Yep, and this is one design choice which on the face of it is straightfoward and convenient, but has the side effect of being very inefficient. Because ZFS snapshots are owned by the dataset, AFAIK there's little refcounting overhead; you're just moving blocks to deadlists based on simple transaction ID number comparisons. If you modify a block and its transaction ID is greater than the latest snapshot, you can dispose of it, otherwise you add it to the snapshot deadlist (and also add the new updated block). If you delete a snapshot, you do the same thing: for each block, if the block transaction ID is later than the transaction ID of the previous snapshot, you dispose of it, else you move it to the previous snapshot's deadlist. No refcounting changes except to decrement for disposal. You only start paying the overhead when you create a clone. This makes ZFS snapshots very cheap, and clones a bit more expensive.

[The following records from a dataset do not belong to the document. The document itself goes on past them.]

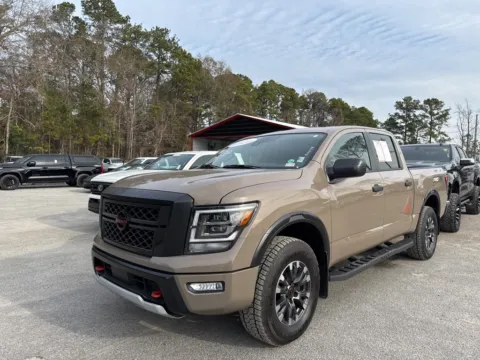 Beige 2024 Nissan Titan PRO-4X for sale in Summerville, SC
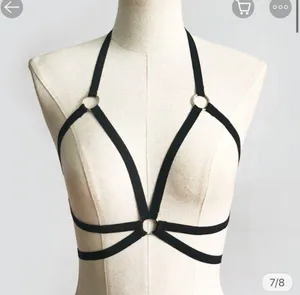 Caged Soft Harness Black New thumbnail 1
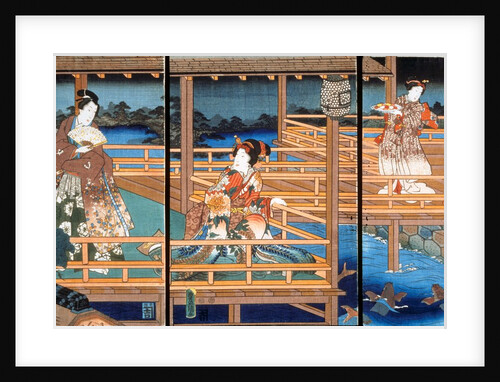Illustration of a scene from Genji Monogatari by Utagawa Kunisada (I)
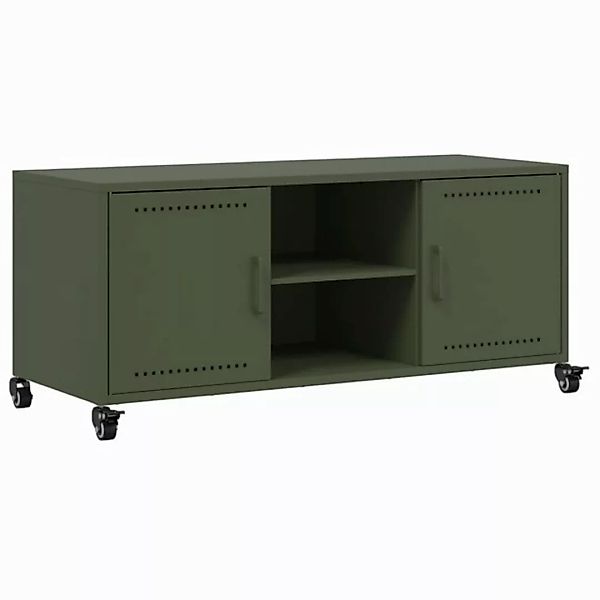 vidaXL Schrankmodule TV-Schrank Olivgrün 100,5x39x43,5 cm Stahl günstig online kaufen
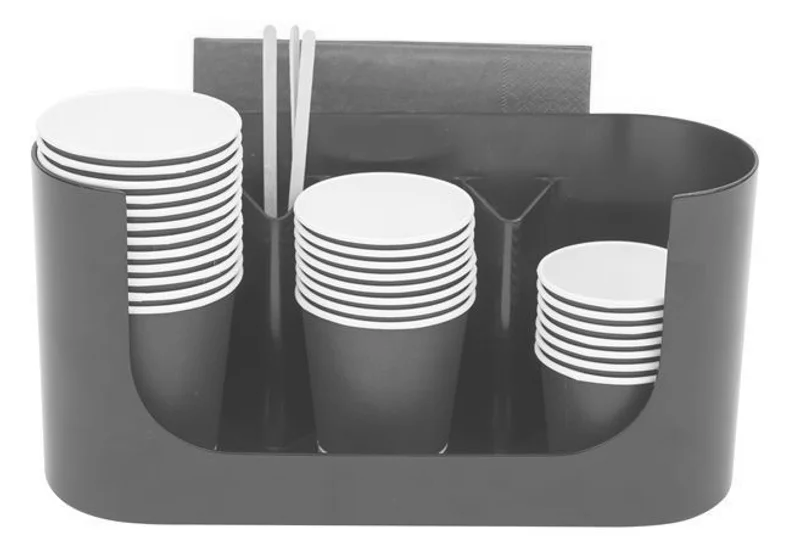 Hlavný obrázok produktu Držák na kelímky "Coffee break", na 3 nápoje, plast, ALBA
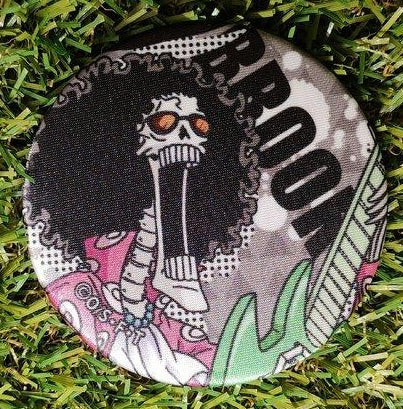 One Piece Brook Button mit Stoffüberzug Nippon4U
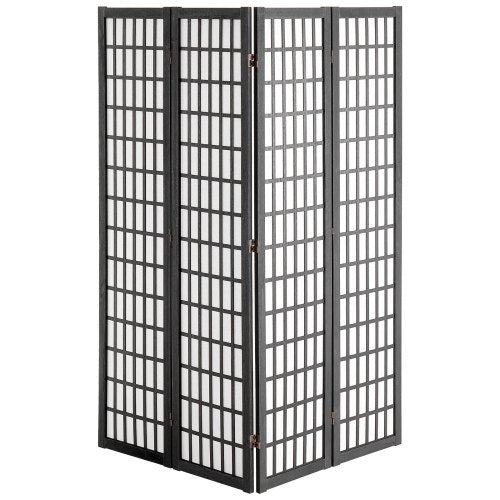 Room Divider 4 Panel Japanese Room Divider Wood Folding Privacy Screen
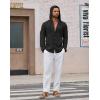 image:imageCOOFANDY Mens Casual Button Down Shirt Summer Beach Shirts Lightweight Hoodie Sun Protection Coverup for Travel VacationBlack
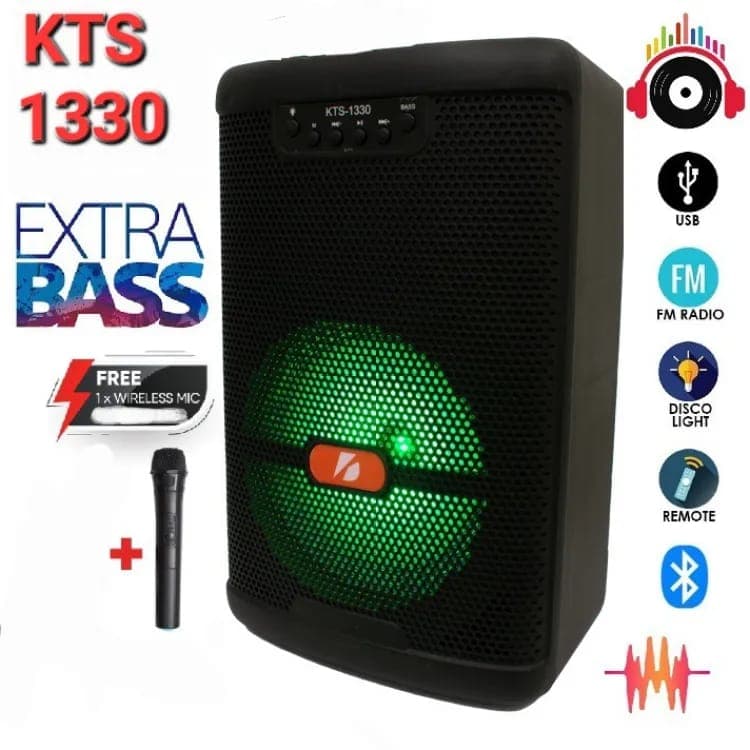 KTS 1330 Portable Bluetooth Speaker with Wireless Mic — photo 2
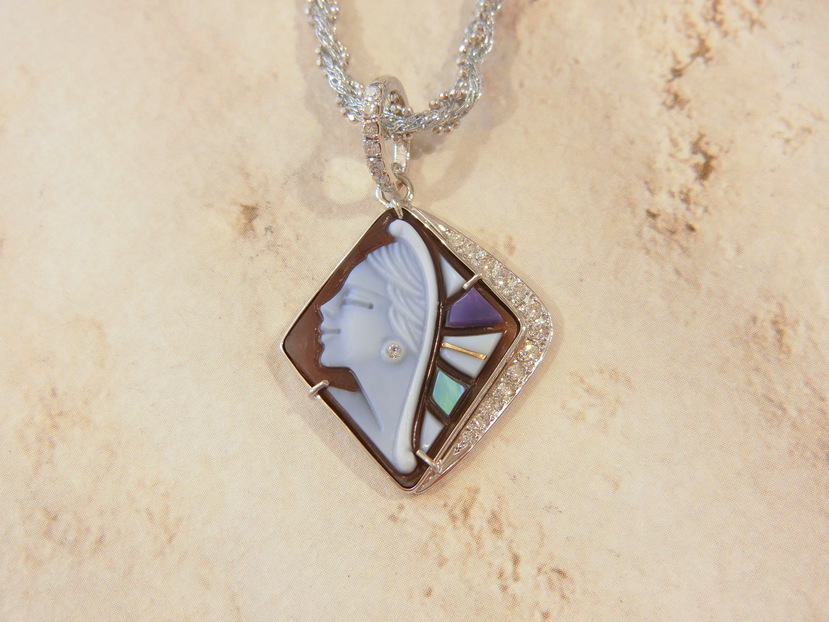 カメオ_ペンダント］カメオペンダント ロザリオ・メンネッラ氏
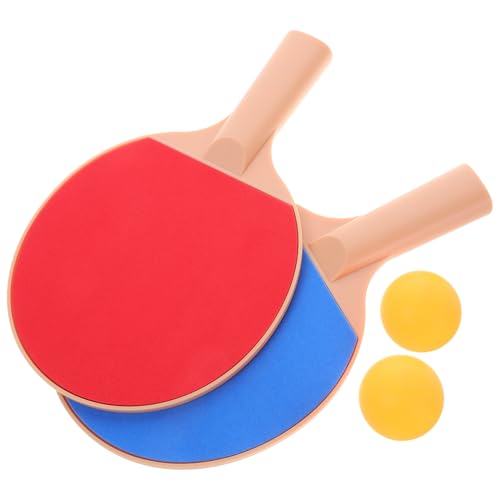 GALPADA Outdoor Table Tennis Set Plastic Elasticity Paddles with Comfortable Grip and Bright Balls for Pong Game and Competition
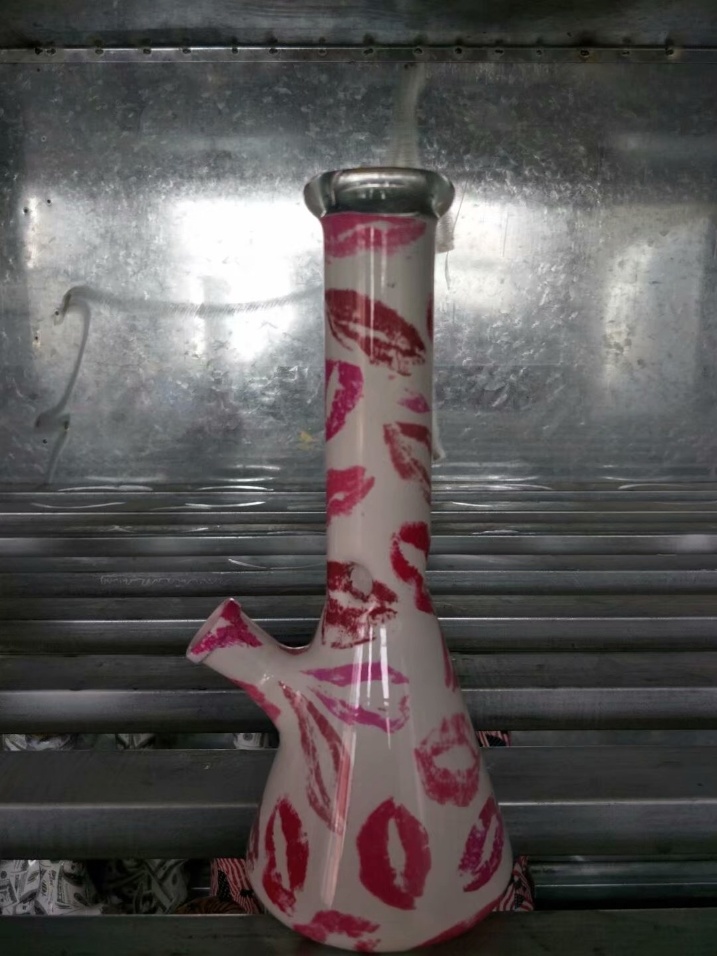 Water Transfer Printing Technology Glass Water Pipe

Btrfs is always expensive as far as I understand.

Your particular uses might not take advantage of this, but it's something to bear in mind.

> Tell me more how I can mix disks of differing size in RAID on ZFS

You can have pools with vdevs of different sizes (I have one right here). It doesn't make sense to have different sizes within a vdev.

The need for cobbling together different sized discs appears to mainly be something needed for tinkering and testing. No one is going to care about this for production systems. It's a neat feature which few people care about in practice. I'd rather they had spent the time on making the basic featureset reliable.

> > some operations can be performed like snapshotting, but not deletion > See user_subvol_rm_allowed mount option, available since Kernel 3.0

Nice to see some option for this. It's better than nothing, but it's not really equivalent. ZFS has a fine-grained permissions delegation system which is inherited through dataset relationships, rather than coarse capabilities.

> And BTRFS doesn't require it's own separate cache that is apart from the normal filesystem cache.

Not a particular concern for me; it's well integrated on FreeBSD, and it's not a problem in practice on Linux nowadays IME. Do you have a specific problem with the ARC?